The B.C. Property Assessment Appeal Board did, however, decide to return the majority of the fourth and largest condominium hotel under appeal to a commercial classification.
The appeal board, in its decision handed down Jan. 6, 2001, ruled that 186 condo units in the Blackcomb Springs were to be re-classified commercial, or Class 6. The other 29 units will remain residential as assessed by the B.C Assessment Authority last year.
If all four condo-hotels had remained residential it would have meant approximately a $450,000 "loss" in municipal tax revenue. The ruling that most of the Blackcomb Springs should be taxed as commercial represents a "recovery" of about $170,000 in property tax revenue for the 2000 tax year.
The Alpenglow, Timberline Lodge and Cascade Lodge were kept at Class 1, representing a $280,000 shortfall in municipal tax income. For the owners, the decision means annual tax savings of around $1,500 to $2,000 per unit.
Calvin Smyth, the B.C. Assessment Authoritys assessor for the Whistler area, said the same classifications will now hold for the 2001 tax year.
The municipality had budgeted for a $450,000 loss in revenue this year, in the event that it lost its appeal on all four properties.
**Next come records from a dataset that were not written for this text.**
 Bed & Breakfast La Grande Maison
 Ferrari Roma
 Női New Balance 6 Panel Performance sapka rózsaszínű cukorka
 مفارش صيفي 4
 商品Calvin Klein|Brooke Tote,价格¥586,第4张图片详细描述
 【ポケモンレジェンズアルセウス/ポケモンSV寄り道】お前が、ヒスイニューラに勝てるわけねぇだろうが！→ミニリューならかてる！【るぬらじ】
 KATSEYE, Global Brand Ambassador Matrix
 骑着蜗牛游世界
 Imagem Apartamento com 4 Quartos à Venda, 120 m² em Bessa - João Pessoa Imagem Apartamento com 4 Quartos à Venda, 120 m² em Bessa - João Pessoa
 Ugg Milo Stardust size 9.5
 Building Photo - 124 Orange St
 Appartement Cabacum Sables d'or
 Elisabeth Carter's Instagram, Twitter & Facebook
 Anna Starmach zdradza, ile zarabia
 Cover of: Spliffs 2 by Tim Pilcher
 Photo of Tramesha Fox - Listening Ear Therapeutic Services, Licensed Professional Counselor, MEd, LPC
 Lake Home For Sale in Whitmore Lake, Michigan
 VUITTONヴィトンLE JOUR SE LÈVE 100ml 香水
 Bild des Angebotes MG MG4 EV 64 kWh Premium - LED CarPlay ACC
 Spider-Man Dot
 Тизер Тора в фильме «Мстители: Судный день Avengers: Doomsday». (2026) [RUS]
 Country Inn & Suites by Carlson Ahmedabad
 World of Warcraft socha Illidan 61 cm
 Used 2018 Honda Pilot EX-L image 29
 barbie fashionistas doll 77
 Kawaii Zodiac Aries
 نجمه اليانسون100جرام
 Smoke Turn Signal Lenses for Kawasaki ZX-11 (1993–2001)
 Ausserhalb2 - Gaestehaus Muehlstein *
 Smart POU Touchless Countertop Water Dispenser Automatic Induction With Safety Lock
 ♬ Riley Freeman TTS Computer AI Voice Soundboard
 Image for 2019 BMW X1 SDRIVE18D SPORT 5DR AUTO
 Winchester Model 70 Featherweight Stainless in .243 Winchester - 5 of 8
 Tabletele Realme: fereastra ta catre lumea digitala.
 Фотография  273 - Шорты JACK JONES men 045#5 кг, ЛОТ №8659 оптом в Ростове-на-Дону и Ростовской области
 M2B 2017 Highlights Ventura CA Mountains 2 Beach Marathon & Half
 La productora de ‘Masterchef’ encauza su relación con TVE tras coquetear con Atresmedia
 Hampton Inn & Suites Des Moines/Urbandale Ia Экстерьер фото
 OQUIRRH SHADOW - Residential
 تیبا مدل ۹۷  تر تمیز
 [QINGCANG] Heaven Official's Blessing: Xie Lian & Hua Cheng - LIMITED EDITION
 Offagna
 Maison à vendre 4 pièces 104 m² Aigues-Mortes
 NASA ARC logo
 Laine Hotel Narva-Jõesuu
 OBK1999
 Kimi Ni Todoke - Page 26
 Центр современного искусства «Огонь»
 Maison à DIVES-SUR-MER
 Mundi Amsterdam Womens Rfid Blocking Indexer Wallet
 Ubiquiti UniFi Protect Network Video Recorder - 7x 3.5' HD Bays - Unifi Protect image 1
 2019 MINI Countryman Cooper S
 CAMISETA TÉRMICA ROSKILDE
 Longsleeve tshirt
The RMOW has not, however, budgeted for any further condo-hotels changing from a commercial to a residential tax classification.
Smyth said there is a potential for more properties to try and move into a residential classification based on the recent ruling.
The four condo-hotel properties were downgraded from a commercial to a residential tax classification last year after owners re-organized their management and rental programs to slip through the criteria for a Class 6 classification.
The municipality launched an appeal of the re-classifications in January 2000. The appeal went before the Property Assessment Appeal Board Dec. 12, 2000.
In order to be classified commercial under the current regulations, the condo units must be in a building of more than 20 strata units, where at least 85 per cent of the units are managed by one management company.
The units must also have been offered for rent for periods of less than seven days for more than six months of the year ending Oct. 31.
The board ruled that all four buildings had met the second test. But, the Alpenglow, Cascade Lodge and the Timberline do not meet the first criterion. No one property management company manages 85 per cent of the units in each of those three complexes. They therefore are entitled to a residential designation.